The Person Will Have Proven Experience in a role similar to:
- Cyber Threat Intelligence / Cyber Threat Hunting
- Digital Forensics / Incident Response (DFIR)
- Security Operations
- Penetration Testing / Red-team
- Security Architecture
Why Join Us Here at Datacom?
Datacom is one of Australia and New Zealand’s largest suppliers of Information Technology professional services. We have managed to maintain a dynamic, agile, small business feel that is often diluted in larger organisations of our size. It's our people that give Datacom its unique culture and energy that you can feel from the moment you meet with us.

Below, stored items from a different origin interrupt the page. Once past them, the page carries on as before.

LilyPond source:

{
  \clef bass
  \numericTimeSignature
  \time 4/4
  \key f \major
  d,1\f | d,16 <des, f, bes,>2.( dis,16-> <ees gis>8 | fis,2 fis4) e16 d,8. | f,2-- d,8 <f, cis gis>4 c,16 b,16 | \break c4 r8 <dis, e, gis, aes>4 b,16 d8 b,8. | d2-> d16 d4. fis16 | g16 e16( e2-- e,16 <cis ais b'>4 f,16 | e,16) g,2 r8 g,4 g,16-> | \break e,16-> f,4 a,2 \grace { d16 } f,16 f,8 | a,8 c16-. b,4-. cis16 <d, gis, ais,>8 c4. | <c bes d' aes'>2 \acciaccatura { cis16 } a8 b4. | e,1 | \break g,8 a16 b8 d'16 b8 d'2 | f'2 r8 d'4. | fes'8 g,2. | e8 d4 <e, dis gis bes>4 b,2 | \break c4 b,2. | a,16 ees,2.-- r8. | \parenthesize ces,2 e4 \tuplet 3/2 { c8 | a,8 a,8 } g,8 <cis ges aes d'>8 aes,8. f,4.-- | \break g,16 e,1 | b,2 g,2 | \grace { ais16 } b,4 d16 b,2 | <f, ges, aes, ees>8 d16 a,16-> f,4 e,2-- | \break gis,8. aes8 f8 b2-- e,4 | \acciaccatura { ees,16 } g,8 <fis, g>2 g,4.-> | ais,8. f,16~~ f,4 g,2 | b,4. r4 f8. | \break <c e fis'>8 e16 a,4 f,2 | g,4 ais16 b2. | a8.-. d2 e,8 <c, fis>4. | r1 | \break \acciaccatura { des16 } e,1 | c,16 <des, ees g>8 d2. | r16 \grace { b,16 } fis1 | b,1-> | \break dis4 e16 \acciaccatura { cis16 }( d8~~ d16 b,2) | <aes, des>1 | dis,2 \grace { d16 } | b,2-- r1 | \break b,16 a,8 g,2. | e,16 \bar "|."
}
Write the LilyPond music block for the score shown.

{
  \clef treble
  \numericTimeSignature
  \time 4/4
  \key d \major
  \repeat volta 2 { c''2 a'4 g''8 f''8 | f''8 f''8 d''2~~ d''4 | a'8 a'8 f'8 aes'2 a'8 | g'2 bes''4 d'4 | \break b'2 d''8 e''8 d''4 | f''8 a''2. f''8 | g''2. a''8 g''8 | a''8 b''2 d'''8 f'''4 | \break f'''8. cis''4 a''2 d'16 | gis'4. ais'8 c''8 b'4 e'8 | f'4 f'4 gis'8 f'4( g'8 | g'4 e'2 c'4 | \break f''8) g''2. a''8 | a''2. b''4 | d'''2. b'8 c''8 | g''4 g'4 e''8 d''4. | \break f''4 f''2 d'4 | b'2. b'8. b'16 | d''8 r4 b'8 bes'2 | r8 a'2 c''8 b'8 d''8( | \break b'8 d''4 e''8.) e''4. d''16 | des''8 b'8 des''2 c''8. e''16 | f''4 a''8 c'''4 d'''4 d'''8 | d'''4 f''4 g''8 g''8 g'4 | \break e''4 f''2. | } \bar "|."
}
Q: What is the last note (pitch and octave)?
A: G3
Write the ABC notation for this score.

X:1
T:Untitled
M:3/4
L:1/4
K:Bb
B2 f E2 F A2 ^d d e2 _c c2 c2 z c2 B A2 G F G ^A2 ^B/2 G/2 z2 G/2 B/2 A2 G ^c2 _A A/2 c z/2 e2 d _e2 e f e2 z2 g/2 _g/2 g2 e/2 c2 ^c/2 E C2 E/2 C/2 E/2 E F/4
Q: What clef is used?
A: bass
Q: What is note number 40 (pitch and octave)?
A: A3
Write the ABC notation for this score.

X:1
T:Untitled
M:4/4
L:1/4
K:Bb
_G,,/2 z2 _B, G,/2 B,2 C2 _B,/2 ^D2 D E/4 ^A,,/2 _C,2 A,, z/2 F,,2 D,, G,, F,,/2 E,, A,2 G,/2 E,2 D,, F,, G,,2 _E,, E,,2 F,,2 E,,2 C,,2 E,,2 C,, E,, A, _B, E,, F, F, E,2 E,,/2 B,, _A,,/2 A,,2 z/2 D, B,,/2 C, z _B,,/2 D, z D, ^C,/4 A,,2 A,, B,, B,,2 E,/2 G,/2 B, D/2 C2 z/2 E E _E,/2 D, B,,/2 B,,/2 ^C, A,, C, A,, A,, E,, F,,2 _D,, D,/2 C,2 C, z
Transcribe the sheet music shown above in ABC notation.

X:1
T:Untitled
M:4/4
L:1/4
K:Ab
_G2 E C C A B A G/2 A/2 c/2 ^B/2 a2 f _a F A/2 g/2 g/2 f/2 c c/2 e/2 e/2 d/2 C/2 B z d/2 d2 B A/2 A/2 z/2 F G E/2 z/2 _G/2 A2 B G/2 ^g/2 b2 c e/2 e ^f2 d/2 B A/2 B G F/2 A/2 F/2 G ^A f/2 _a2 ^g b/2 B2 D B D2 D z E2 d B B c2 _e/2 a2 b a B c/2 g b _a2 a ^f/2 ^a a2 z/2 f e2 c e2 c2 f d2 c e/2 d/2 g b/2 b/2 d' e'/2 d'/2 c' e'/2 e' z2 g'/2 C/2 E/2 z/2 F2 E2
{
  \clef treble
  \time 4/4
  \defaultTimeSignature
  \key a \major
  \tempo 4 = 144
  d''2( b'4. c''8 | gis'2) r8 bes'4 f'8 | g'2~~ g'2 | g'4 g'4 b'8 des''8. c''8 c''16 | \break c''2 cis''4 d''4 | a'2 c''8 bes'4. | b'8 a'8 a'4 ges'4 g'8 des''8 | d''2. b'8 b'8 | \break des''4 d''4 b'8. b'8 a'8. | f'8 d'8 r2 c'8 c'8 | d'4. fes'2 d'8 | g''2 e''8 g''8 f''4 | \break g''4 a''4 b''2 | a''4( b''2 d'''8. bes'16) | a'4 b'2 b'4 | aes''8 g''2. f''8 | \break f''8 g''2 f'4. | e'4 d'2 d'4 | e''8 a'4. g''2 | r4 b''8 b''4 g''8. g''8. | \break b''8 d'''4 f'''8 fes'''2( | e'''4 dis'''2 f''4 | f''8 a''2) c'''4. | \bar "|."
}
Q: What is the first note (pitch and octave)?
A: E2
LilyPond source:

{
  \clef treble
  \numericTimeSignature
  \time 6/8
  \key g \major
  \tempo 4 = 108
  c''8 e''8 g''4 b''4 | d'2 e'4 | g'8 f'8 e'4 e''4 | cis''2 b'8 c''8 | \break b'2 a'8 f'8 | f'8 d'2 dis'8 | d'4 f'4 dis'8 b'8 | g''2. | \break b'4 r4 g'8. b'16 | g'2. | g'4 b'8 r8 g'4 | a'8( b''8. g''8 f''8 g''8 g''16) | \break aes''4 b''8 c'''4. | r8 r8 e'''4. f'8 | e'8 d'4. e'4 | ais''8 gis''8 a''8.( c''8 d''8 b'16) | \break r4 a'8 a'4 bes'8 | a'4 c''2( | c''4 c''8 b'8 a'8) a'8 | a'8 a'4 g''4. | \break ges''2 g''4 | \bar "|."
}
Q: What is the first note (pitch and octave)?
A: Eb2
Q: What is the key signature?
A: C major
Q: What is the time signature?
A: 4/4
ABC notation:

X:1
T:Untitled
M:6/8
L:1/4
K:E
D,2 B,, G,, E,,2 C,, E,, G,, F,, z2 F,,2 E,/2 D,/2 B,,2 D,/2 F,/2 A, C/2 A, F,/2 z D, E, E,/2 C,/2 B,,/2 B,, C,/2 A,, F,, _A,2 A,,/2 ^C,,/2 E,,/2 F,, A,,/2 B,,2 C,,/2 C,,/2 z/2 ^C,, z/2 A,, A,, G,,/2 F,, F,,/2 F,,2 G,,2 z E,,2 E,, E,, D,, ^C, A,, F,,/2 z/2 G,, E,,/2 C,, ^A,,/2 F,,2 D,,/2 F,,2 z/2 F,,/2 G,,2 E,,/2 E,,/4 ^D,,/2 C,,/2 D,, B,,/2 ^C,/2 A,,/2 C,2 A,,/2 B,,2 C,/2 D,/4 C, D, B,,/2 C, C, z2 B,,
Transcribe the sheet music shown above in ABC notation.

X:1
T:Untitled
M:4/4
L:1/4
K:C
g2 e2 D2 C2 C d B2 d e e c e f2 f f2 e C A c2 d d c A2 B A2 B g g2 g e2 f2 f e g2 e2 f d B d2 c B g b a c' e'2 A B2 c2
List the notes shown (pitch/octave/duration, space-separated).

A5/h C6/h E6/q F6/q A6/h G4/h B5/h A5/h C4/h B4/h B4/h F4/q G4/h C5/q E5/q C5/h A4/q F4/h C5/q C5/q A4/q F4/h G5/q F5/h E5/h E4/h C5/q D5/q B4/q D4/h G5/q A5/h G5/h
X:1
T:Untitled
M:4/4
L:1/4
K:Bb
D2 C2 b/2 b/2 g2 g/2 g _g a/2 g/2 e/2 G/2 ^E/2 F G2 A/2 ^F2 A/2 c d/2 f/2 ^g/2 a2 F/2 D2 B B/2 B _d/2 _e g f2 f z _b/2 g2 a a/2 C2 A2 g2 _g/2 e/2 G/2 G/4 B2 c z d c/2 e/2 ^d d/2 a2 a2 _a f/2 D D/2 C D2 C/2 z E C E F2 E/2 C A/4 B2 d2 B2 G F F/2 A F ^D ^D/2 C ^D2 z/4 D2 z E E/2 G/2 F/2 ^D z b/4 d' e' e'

We care about our people and provide a range of perks such as social events, chill-out spaces, remote working, flexi-hours and professional development courses to name a few. You’ll have the opportunity to learn, develop your career, connect and bring your true self to work. You will be recognised and valued for your contributions and be able to do your work in a collegial, flat-structured environment.
We operate at the forefront of technology to help Australia and New Zealand’s largest enterprise organisations explore possibilities and solve their greatest challenges, so you will never run out of interesting new challenges and opportunities.
We want Datacom to be an inclusive and welcoming workplace for everyone and take pride in the steps we have taken and continue to take to make our environment fun and friendly, and our people feel supported.